This is the second project of Udacity's Self Driving Car Nano Degree Program. The goal is to write a software pipeline to identify the road lane boundaries in a video. The effect of lightness is minimized and the lane could either be straight or curved.
Advanced Lane Finding Project
The goals / steps of this project are the following:
- Compute the camera calibration matrix and distortion coefficients given a set of chessboard images.
- Apply a distortion correction to raw images.
- Use color transforms, gradients, etc., to create a thresholded binary image.
- Apply a perspective transform to rectify binary image ("birds-eye view").
- Detect lane pixels and fit to find the lane boundary.
- Determine the curvature of the lane and vehicle position with respect to center.
- Warp the detected lane boundaries back onto the original image.
- Output visual display of the lane boundaries and numerical estimation of lane curvature and vehicle position.
You can check /my_code/main.py
for the source code, output_image
for the test images output and output_video
for the video output.
Rubric Points
Here I will consider the rubric points individually and describe how I addressed each point in my implementation.
The function calibrate_camera
comutes the calibration and distortion coefficients using all the chessboard images provided in /camera_cal. It uses the "object points" that are reasonably specified by me and the "image points" detected by OpenCV. Then the function cv2.calibrateCamera()
computes the matrix and coefficients we need. These numbers can be used to undistort the image and below is a simple example:
The binary image is generated by function create_binary_image
. This is the most critical step. I started with a combination of x-gradient and s channel thresholding as demonstrated by the lecture. It works quite well for all the test images given; however, the detection in the video looks quite unstable even with smoothing.
Among those unstable detection, most are caused by the stains on the road, whose x-gradient magnitude is comparable to that of lane edges. To overcome this, a combination of RGB and HSL color space is used to make sure that the pixel marked is actually yellow or white. Also, the ideas of limiting the gradient direction I proposed in project 1 is introduced to further refine the detection. Therefore, the pixels in the binary image is set to 1 if:
1. It is in the region of interest (defined by polygon mask)
2. It is either white or yellow (S channel in HSL and R,G channel in RGB are used)
3. The direction of gradient is within some angles of the horizontal line
4. The x-gradient is large enough
sobel_mask
computes the x-gradient mask; dir_mask
computes the gradient direction mask and create_binary_image
generates the binary image. A sample binary image is given below:
To generate the transform matrix (and its inverse), I first plot the undistorted image and pick four points manually (source points). Matplotlib gives me the coordinates of pixel. Then the coordinates of destination points are provided to function cv2.getPerspectiveTransform
. Function 'perspective_transform' does the calculation for you and below is the a bird's-eye view of the detected lanes.
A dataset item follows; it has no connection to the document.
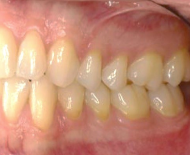 <p>CT anchoring teeth to jaws</p>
Two methods are provided to find the lane pixels.
If the previous detection fails or is not available, then we use a sliding window approach. When using this approach, we start from the bottom half of the image and compute the estimation of left and right lane at the bottom. This is done by finding the maximum element in binary image in the last row. Then the pixels in the sliding window are marked as lane pixels and the sliding window position is updated before moving up.
Sliding window is accurate but slow. When the previous detection is available, we can simply search around the lanes detected in the previous frame. It has been shown to be 30-40% faster on my machine and is less sensitive to the change of lightness.
find_lane_sliding_window
and find_lane_from_prior
implements these two approaches. After getting all the pixels, we simply fit a second order polynomial for the left/right lane. Below shows the lane found by this method:
Once the profile of left/right lane is found, it is very straightforward to compute the curvature and car position. The calculation is done in curvature_and_position
function.
The function process_image
combines all the previous steps and draw the detected lane on the original image. An example is shown here:
To improve the efficiency of the algorithm, a helper class Line
is created to swtich between sliding window method and the faster approach. Smoothing by averaging is also tried but it doesn't help in my case. It is probably because the additional thresholding (in RGB color space and gradient direction) is good enough to make stable prediction.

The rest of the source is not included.